THE battle between Republican moderates and conservatives moved to Pennsylvania this week. The tally from Tuesday's primary gave the edge to the moderates, but the fight is far from over.
``There's a very serious struggle for the heart and soul of the Republican Party,'' says G. Terry Madonna, a political science professor at Millersville University in Millersville, Pa. Conservatives ``are fighting to take over control of the party.''
Moderates won the state's high-profile GOP gubernatorial primary. United States Rep. Tom Ridge defeated state Attorney General Ernie Preate, winning 35 percent of the vote to Mr. Preate's 29 percent. The result is widely seen as a victory for moderates, since Preate had courted the religious right. Congressman Ridge, meanwhile, represented the latest in a long line of Pennsylvania Republicans who have won state office by attracting Democrats.
``Pennsylvania has for a long time been the home base for the moderate component of the Republican Party, and Tom Ridge stands in that tradition,'' says Robert Friedrich, associate professor of government at Franklin and Marshall College in Lancaster, Pa.
Ridge will face Democratic Lt. Gov. Mark Singel in the fall. Lieutenant Governor Singel defeated a crowded field, including Lynn Yeakel, who finished fourth after nearly upsetting Sen. Arlen Specter two years ago.

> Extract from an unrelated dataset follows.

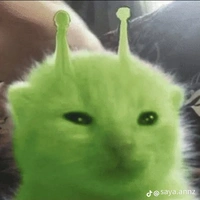 t/g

Republican conservatives still stand a good chance to elect one of their own this fall. Conservative US Rep. Rick Santorum easily won the party's nomination to challenge Democratic Sen. Harris Wofford. Senator Wofford, who ran unopposed Tuesday, is the candidate who sparked Democratic hopes nationwide after winning an upset victory in 1991 on a platform of universal health care.
The stage is set for a race between a liberal Democrat and a conservative Republican in a state where neither extreme has a history of doing well in Senate races. How these candidates maneuver during the campaign season - and how far they move to the center in a search for votes - will say much about the mood of the electorate, political analysts say. If the Pennsylvania primary is any indication, the mood is far more upbeat than in 1992.

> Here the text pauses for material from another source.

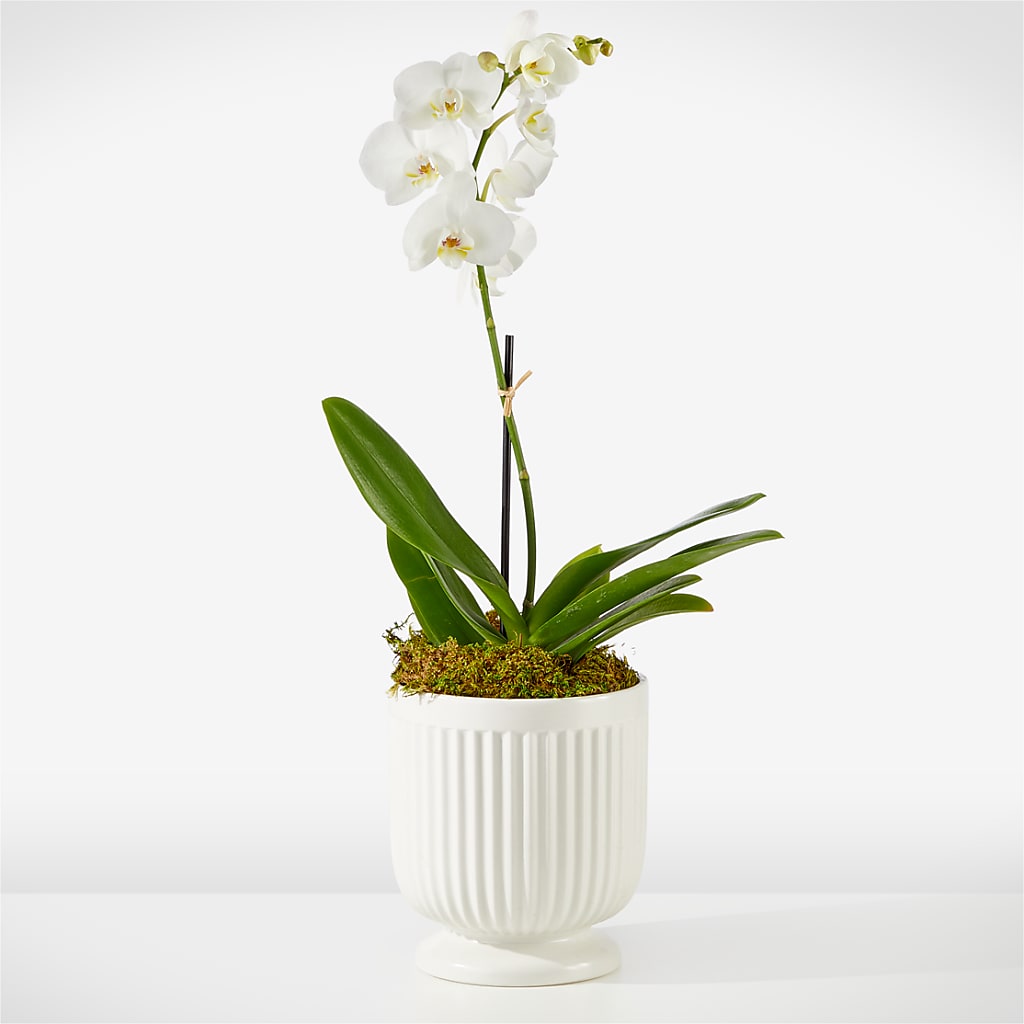 Whispering White Orchid – Grayson Florist And Gifts, Independence VA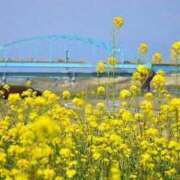 ヒメ日記 2025/04/23 08:35 投稿 のりこ 待ちナビ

``Politics is resembling much more normal times here in Pennsylvania,'' says Michael Young, professor of politics and public affairs at Pennsylvania State University in Harrisburg. ``People aren't feeling the economic pinch so much. They're not as worried.''
Wofford and Representative Santorum were almost invisible during the primary, but the early signs are that both will move to the center in search of votes. Wofford, having put health care on the nation's agenda, has become virtually silent on the issue. According to Professor Madonna, he is deliberately trying to avoid becoming a single-issue candidate or getting identified too closely with the Clinton administration. Santorum, meanwhile, faces a dilemma, analysts here say. Either he sticks to the right and loses the race or he moves to the center and builds a winning coalition that includes Democrats.

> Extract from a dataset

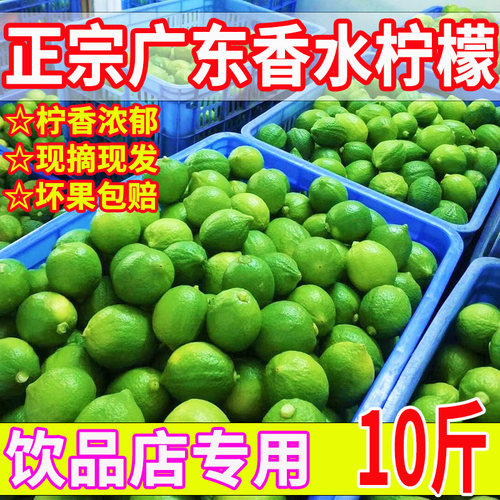 广东香水柠檬无籽现摘10斤青柠檬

Conservatives still do not have enough electoral punch to elect someone to statewide office, these analysts add, but they're gaining power.
``They are becoming the dominant wing of the Republican Party,'' says Professor Young. ``In the past they have tended to be much lower profile. They're now moving into the forefront.''
In another sign of change, US Rep. Lucien Blackwell - a longtime force in Philadelphia politics - lost his bid for reelection to state Sen. Chaka Fattah. The primary victor, who campaigned on urban renewal, called the vote ``a wake-up call to the nation.''
He is virtually assured of prevailing in November in this heavily Democratic district.
In another state, Oklahoma elected Republican state Rep. Frank Lucas to fill out the term for Democratic Rep. Glenn English. He beat Democrat Dan Webber.